St Andrew's Church, Steart facts for kids
Quick facts for kidsSt Andrew's Church
St Andrew's Church
|Affiliation||Church of England|
|Ecclesiastical or organizational status||Active|
|Location||Steart, Somerset, England|
|Architect(s)||Messrs Foster and Wood of Bristol|
St Andrew's was erected as a chapel of ease to the parish church of St Mary Magdalene, Stockland Bristol, at the expense of Rev. Henry A. Daniel, vicar of the parish, for £700. The vicar also provided the church with an endowment of over £1,000 under the requirement that at least one Sunday service would be held there each week. The building was designed by Messrs Foster and Wood of Bristol and constructed by Messrs Joseph Willis and Son of Bridgwater. St Andrew's opened on 30 November 1882.

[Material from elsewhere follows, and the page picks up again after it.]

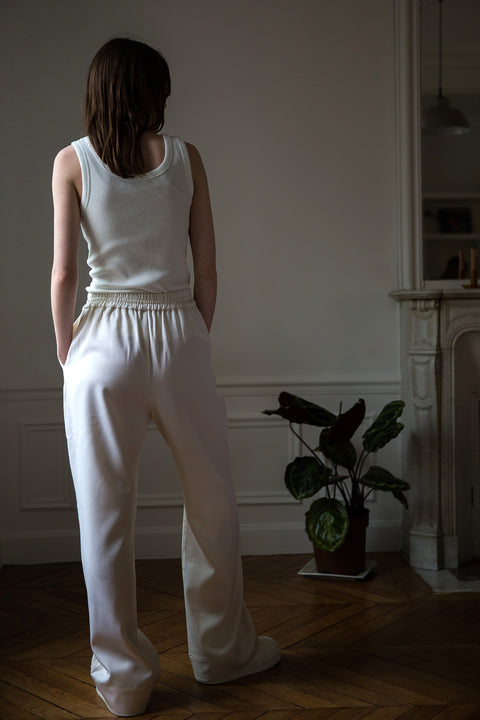 Dalva is wearing White Canvas sustainable light wool genderless, seasonless casual trousers, size S. The light wool trousers have minimal modern aesthetics design allowing comfort and bringing self-confidence. This unique piece is made locally in Paris to reduce environmental impact and guarantee high quality and durability of the products.
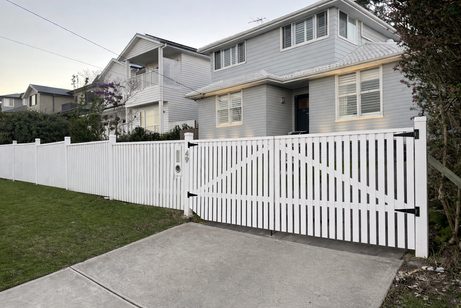 White picket driveway gate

In July 1962, the Bishop of Bath and Wells, Rev. Edward Henderson, dedicated a newly-created pathway to the church, which had been formed across land donated by Mr. Stanley Stone of Church Farm. St Andrew's had previously only been accessible by crossing through a field. The dedication, carried out on 13 July, had been requested by Mr. Patrick Daniel, a descendant of Rev. Daniel. It marked the first formal visit by a Bishop of the Diocese to Steart.
The church was damaged by fire in 1986 after the bell turret was struck by lightning. It was subsequently restored, but the turret was not replaced.
St Andrew's is built of red brick in the Early English style, with Staffordshire tiles on its roof. It was constructed with double walls, a bordered ceiling and bell turret. The interior is made up of a nave, south porch and vestry. The original seats were made from pitch pine.